FIGS. 5 and 6 are flowcharts that illustrate a preferred embodiment of the present invention client and storage server operations. FIG. 5 describes the client's operations with respect to how the configuration of FIG. 4, which includes SCSI device driver 435 a and SAN SCSI driver 440, would operate. (IDE requests could also be made using an IDE device driver and a SAN IDE driver.) In step 510, a SCSI request block (SRB) is received by SAN SCSI driver 440 from SCSI device driver 435 a. In step 515, SAN SCSI driver 440 extracts the SCSI storage-related command from the SRB. In step 520, SAN SCSI driver 440 retrieves from the SRB SCSI target information (SCSI ID/LUN) and transforms it into a virtual device identifier. In step 525, SAN SCSI driver 440 analyzes the SCSI storage-related command to determine if it is to be completed locally or remotely. A locally-completed command include a command such as an “Inquiry” or “Report LUN” command, using SCSI commands as an example. If the storage-related command is to be completed locally, in step 530 SAN SCSI driver 440 produces an appropriate response to the SCSI storage-related command, without use of storage server 240. Step 595 then returns to operating system 420.

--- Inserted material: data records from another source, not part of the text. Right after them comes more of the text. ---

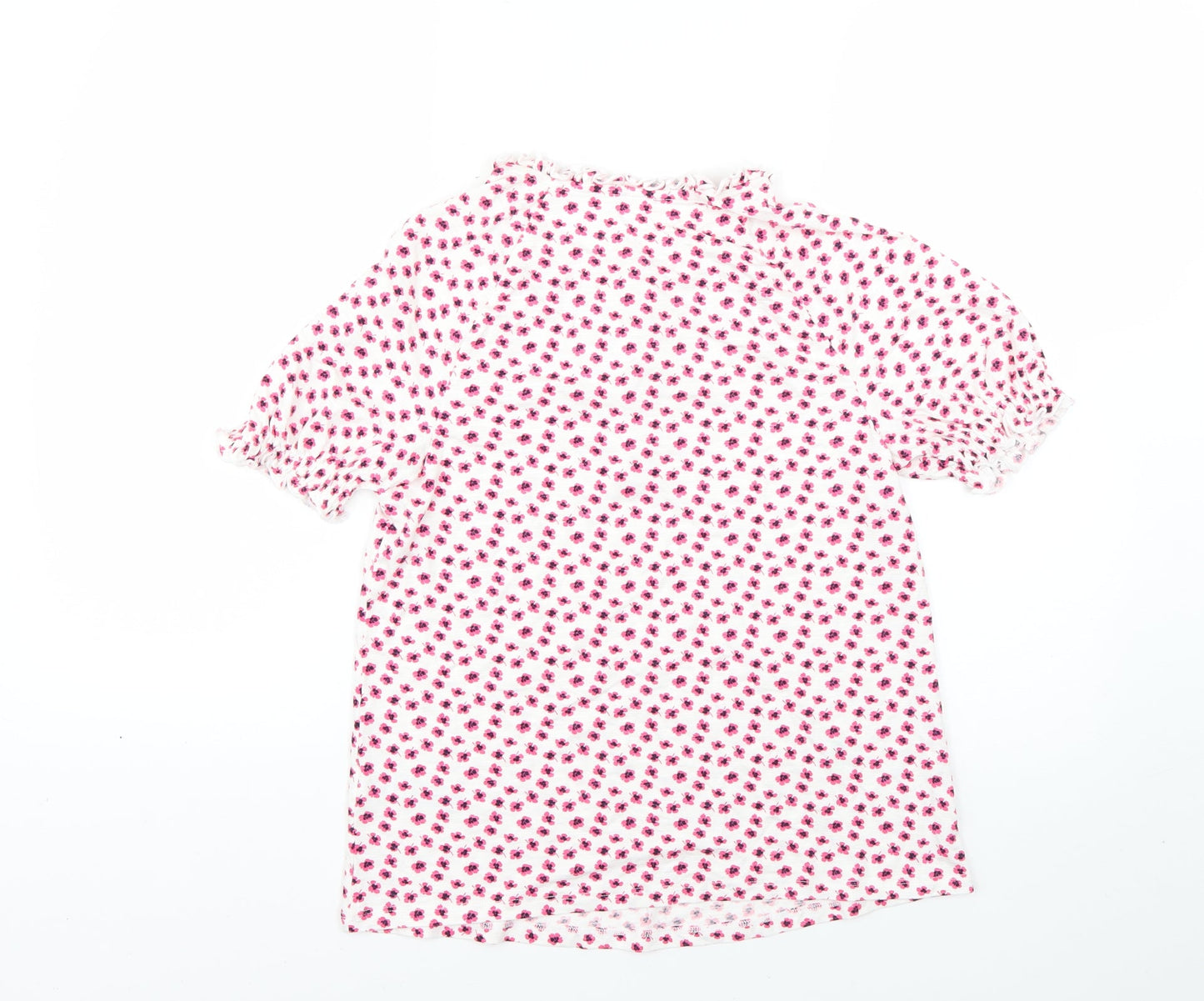 Womens UK Size 8 Marks and Spencer Multicoloured Basic T-Shirt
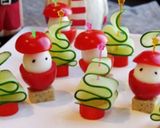 クリスマスに　ポテトサラダのツリー作り方8写真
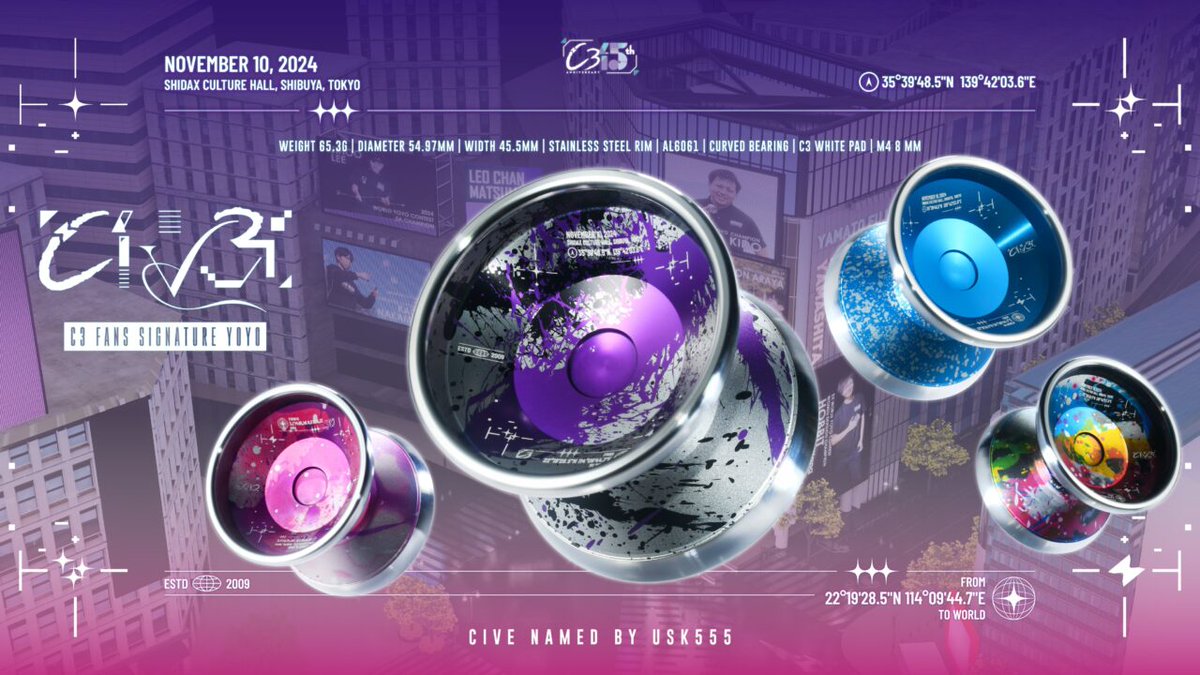 全国大会リワインド物販ブース情報⑭】 C3ヨーヨーデザイン「サイヴ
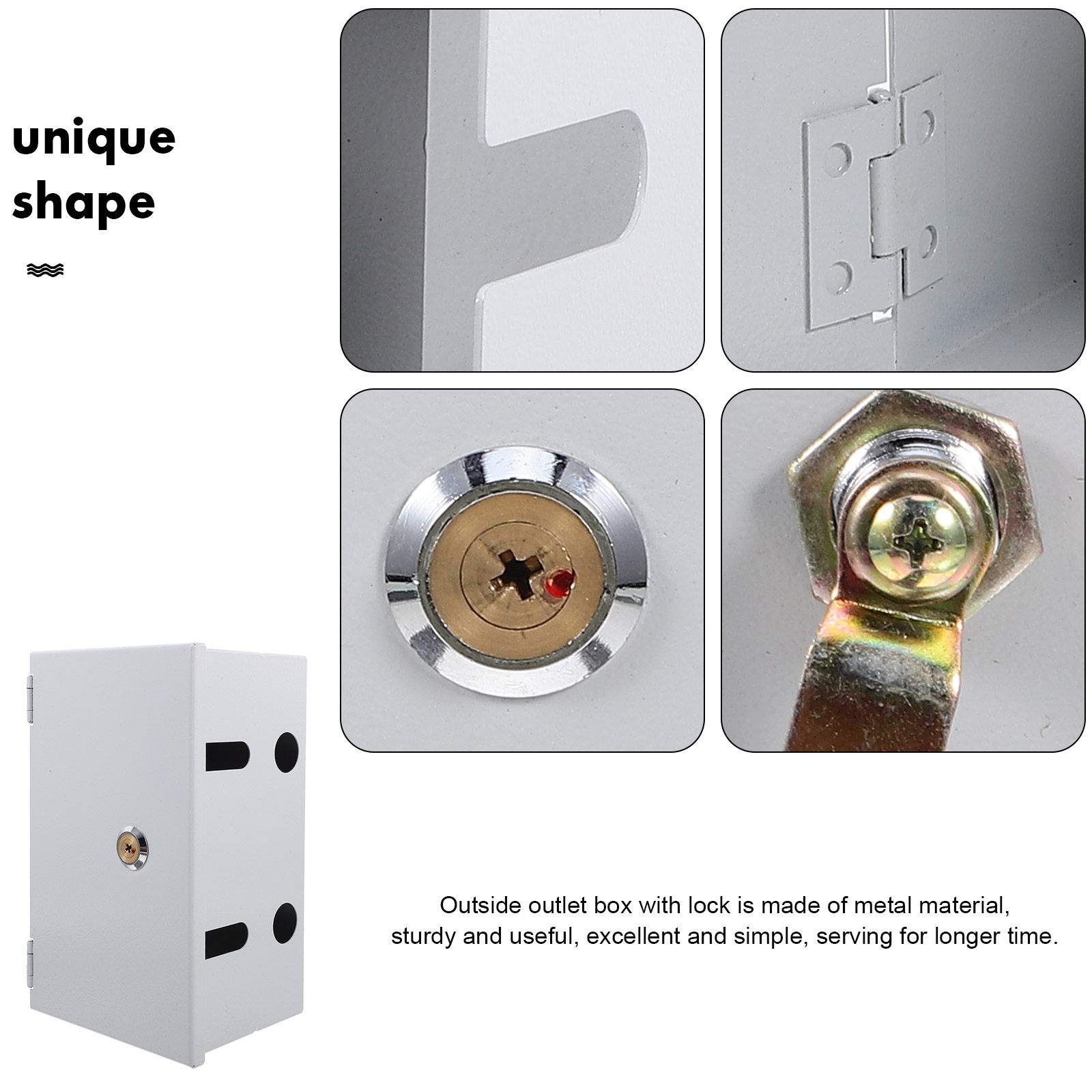 1Set Waterproof Anti-Theft Sta - Electrical Outlet Cover 评论和价格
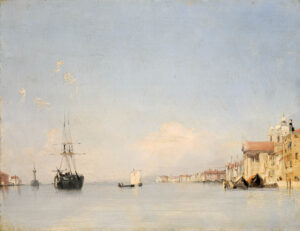 Richard Parkes Bonington, The Giudecca in Venice, 1826 Oil on board, 9.8 x 12.5 in Fondation Custodia, Paris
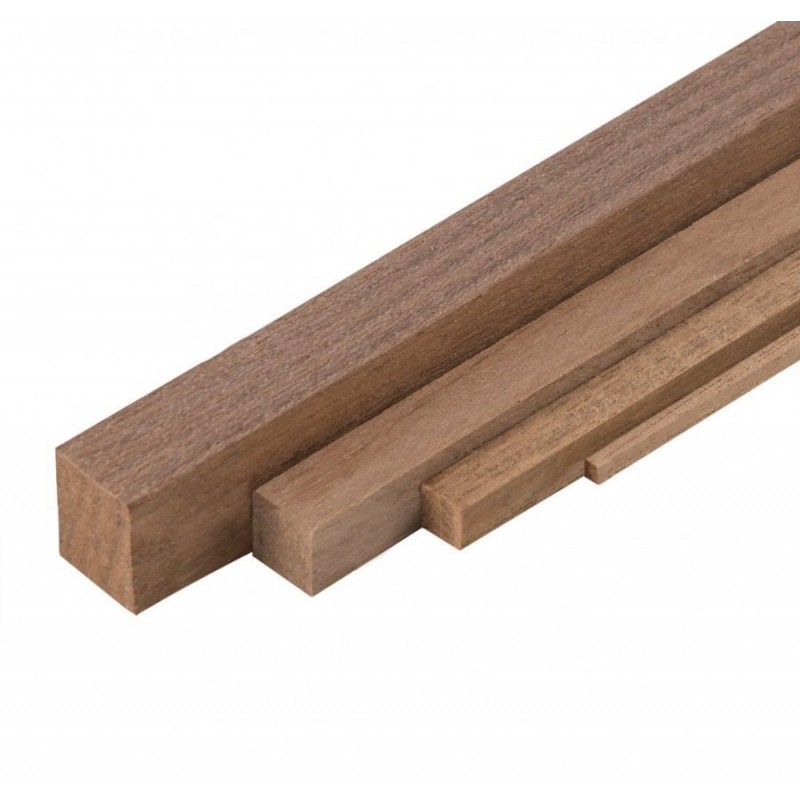 Walnut Strips 4x4mm 5pcs - Amati 2410/04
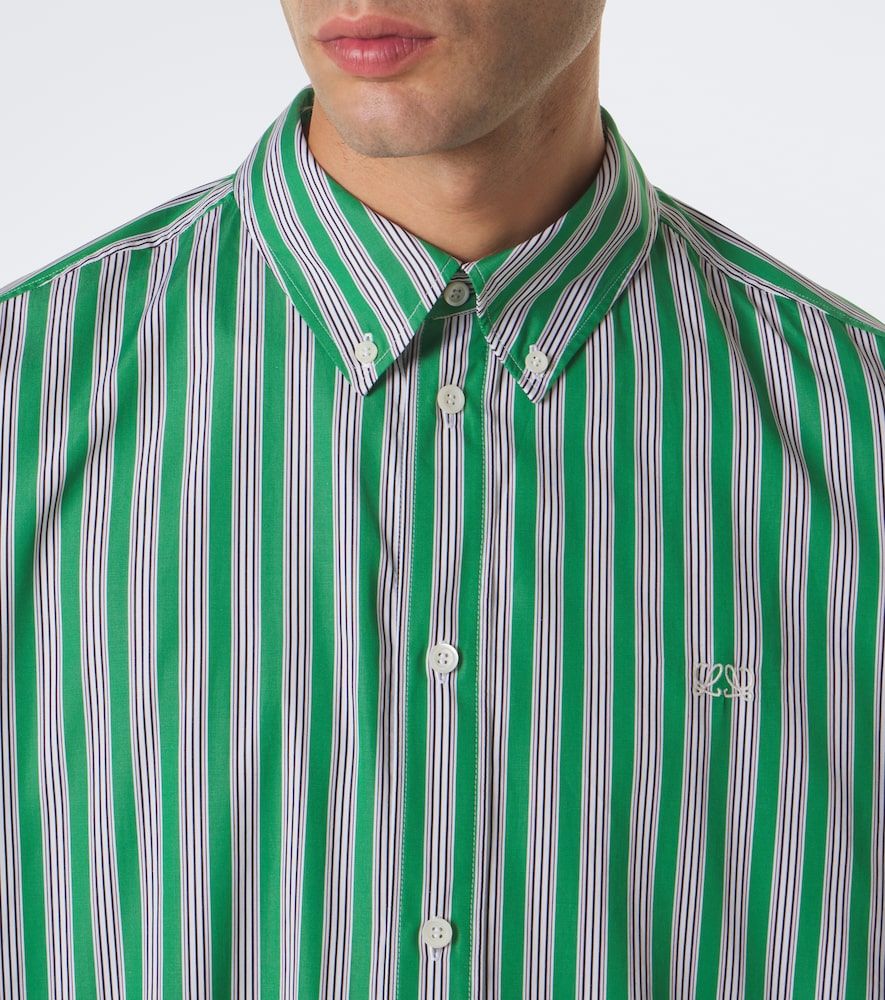 Double L striped cotton poplin shirt - Loewe - Modalova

 If the storage-related command is to be completed remotely, SAN SCSI driver 440 converts the storage-related command into a generic storage-related request, as follows. Step 535 converts the storage-related command, in this case a SCSI command, to a generic storage-related command. Step 540 asks whether the generic command is a “Read” or “Write”-type (i.e., device) command. If so, step 545 retrieves the sector address and sector count from the SRB to prepare for transmission to storage server 240 via an RPC. If the generic storage-related command is not a Read or Write-type command, or once the sector address and count are retrieved, step 550 converts the generic storage-related command to a generic storage-related request by putting the virtual device identifier together with the generic storage-related command. Generic non-Read/Write commands might include “Ready,” “Identify,” and “Capacity,” which, if ultimately executed on a SCSI device, might translate as SCSI storage-related commands to “Test Unit Ready,” “Get Device Information,” and “Get Capacity,” or, in some cases, may result in the execution of multiple SCSI commands on the SCSI device. A generic storage-related request is used because the present invention is designed to support device protocols other than just SCSI (e.g., IDE, FC, ESCON). A generic storage-related request derived from a device protocol other than SCSI is generated in a manner analogous to that illustrated in FIG. 5, and the resulting request generated in step 550 would have the same format regardless of the initial protocol used.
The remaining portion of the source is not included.